The Language of Winter
"We have all of us eaten the pomegranate seed
of language, and we are its Persephone in the
ways of structuring our experiences of ourselves
and the world."
___ John Moariarty, "Turtle Was Gone a Long Time"
John Moriarty refers here to the Greek myth of Persephone, who went into the Underworld with the god Hades. When sought by her mother, Demeter, she was licensed by the gods to return to the Middle World again, as long as she had eaten anything while in the Underworld. But Persephone had partaken of six pomegranate seeds, and so it was judged that she could return to earth for only half of the year. During those six months that she remains in the Underworld, we have winter. Similarly, the ways in which we think and speak, the concepts that we use to frame experience, give their own limited seasonal coloration to our culture. Meaning is submerged in the very words w speak. We have little sophistication of expression in the West to speak about deeper, mythic states, which is probably why we have such a correspondingly rich folk-story tradition, which speaks of nothing else.

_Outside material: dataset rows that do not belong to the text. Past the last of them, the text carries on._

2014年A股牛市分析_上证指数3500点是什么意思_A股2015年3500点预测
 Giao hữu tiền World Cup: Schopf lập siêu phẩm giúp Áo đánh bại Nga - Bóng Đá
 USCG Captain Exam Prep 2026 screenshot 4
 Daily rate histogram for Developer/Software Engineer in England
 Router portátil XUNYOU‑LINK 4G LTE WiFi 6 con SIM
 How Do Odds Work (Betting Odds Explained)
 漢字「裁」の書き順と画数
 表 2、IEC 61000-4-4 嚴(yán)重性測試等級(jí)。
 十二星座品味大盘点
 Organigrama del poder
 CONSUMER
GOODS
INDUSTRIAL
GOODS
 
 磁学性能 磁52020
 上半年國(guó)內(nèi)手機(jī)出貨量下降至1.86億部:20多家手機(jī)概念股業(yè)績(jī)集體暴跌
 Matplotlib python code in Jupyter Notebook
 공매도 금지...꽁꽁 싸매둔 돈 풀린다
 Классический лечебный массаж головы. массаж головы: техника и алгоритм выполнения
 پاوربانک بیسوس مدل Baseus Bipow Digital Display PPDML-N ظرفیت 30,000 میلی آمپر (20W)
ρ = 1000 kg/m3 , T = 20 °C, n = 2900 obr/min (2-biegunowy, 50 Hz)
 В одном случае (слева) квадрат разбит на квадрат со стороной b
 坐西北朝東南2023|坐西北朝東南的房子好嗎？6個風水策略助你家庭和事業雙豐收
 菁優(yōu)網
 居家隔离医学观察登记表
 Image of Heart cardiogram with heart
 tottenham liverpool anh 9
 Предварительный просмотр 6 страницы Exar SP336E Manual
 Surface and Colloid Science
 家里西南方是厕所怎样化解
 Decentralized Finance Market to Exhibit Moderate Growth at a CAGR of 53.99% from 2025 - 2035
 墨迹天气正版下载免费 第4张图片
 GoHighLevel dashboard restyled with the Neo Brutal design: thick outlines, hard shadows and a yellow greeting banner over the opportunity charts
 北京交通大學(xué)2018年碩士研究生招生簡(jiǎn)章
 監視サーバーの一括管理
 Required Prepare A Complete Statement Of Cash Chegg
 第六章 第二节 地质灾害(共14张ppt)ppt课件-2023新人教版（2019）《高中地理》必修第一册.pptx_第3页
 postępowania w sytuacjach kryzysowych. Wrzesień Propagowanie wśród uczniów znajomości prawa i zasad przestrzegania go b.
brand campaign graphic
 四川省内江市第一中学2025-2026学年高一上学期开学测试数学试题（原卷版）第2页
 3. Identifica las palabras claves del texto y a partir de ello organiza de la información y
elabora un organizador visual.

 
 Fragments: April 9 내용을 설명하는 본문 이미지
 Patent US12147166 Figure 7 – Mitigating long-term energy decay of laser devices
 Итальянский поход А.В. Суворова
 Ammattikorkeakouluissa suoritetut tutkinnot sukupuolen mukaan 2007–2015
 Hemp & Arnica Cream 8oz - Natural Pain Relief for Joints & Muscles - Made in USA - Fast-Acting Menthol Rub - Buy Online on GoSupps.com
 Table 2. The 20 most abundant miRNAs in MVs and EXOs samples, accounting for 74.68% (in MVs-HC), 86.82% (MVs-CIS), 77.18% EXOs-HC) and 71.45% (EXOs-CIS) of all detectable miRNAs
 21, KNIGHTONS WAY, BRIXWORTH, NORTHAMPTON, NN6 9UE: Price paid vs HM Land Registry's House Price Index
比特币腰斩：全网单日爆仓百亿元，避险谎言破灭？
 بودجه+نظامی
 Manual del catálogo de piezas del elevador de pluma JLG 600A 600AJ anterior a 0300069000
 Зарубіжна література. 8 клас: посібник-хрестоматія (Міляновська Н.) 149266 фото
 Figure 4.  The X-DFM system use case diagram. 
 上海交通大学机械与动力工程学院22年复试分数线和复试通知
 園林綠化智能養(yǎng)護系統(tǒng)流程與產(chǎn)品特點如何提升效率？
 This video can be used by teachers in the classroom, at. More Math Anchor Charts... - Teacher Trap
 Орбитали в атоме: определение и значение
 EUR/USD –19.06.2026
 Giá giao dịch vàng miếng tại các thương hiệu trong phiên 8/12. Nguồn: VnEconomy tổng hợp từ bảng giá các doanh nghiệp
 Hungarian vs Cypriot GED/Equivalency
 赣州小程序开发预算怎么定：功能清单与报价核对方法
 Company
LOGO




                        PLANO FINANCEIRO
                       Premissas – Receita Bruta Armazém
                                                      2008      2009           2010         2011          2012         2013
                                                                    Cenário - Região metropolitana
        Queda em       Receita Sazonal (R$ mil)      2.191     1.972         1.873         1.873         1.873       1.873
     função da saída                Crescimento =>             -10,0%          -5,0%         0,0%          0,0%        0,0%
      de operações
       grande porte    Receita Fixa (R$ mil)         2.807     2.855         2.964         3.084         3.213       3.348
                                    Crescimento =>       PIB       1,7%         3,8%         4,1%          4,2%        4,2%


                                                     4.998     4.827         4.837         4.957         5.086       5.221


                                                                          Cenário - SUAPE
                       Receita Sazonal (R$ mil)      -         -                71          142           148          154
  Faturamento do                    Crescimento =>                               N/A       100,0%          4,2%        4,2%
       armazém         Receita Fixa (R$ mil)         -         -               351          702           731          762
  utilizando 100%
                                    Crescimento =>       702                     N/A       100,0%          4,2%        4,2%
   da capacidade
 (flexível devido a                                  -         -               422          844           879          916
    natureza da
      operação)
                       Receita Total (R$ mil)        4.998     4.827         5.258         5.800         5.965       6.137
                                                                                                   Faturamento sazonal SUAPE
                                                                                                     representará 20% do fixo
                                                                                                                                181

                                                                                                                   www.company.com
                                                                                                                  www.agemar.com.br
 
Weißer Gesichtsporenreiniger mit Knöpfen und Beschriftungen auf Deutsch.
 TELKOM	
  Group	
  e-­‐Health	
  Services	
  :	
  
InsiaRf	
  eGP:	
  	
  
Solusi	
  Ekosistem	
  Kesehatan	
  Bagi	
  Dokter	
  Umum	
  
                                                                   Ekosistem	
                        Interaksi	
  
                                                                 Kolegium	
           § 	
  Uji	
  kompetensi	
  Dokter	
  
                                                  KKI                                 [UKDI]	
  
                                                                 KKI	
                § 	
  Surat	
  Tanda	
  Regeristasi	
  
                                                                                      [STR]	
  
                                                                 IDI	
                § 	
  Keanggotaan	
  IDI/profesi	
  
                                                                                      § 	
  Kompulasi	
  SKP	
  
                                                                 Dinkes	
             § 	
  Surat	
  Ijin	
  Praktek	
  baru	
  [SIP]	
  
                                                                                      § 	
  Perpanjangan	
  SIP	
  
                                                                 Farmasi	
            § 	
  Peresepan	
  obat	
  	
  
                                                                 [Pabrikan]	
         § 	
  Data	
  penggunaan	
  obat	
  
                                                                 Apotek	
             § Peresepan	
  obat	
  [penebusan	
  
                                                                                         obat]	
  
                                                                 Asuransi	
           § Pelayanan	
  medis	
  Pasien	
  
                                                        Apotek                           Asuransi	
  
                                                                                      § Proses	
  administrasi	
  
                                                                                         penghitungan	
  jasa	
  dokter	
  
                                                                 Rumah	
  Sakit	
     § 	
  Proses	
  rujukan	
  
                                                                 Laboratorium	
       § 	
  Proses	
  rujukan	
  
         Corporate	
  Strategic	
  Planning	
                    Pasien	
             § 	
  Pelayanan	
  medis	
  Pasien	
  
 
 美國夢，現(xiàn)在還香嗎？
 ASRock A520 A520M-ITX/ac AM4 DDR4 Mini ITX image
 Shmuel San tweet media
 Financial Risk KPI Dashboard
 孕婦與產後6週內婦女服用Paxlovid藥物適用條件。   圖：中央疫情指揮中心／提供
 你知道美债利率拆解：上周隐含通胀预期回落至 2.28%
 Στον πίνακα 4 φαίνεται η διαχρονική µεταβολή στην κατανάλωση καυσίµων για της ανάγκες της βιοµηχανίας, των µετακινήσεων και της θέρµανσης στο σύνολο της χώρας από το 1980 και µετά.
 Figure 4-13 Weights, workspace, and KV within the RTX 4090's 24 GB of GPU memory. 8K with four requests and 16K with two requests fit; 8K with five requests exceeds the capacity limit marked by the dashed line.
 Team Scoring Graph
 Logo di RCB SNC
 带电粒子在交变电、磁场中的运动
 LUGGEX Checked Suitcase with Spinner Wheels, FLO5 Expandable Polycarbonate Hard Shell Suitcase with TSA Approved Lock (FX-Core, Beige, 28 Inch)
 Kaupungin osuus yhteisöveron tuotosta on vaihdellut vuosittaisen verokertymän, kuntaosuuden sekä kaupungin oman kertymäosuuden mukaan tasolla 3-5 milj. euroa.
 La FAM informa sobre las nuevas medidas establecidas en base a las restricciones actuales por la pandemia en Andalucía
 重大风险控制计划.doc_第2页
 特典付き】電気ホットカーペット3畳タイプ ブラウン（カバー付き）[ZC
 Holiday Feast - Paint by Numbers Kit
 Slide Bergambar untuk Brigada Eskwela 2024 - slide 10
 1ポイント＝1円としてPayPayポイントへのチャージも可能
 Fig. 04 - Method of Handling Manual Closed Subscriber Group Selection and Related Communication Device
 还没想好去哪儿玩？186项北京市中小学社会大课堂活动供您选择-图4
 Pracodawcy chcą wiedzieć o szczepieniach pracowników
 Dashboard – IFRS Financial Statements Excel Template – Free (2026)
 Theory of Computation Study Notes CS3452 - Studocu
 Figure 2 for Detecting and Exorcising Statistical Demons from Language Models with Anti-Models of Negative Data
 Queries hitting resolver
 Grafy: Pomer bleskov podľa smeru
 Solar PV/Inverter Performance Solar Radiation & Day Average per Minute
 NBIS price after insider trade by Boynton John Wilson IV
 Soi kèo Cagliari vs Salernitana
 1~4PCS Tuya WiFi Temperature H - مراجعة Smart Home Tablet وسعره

The revolt against the language of winter is everywhere around as people attempt to explain their own subtle experiences. This revolt often expresses itself in extreme ways - as an unhealthy stretching out toward the bizarre, the unexplained, and the alien, when all the time the common but subtle experiences of life are so ordinary. When we begin to use the wisdom of the pomegranate seeds of language with the insight of those who have experienced the deep riches of the Underworld, we will be liberated Persephones, able to bring beautiful spring to our bare acres of expression.
"Recall a subtle experience of your own. Write it down or speak it onto tape in a way that captures the mood and experience."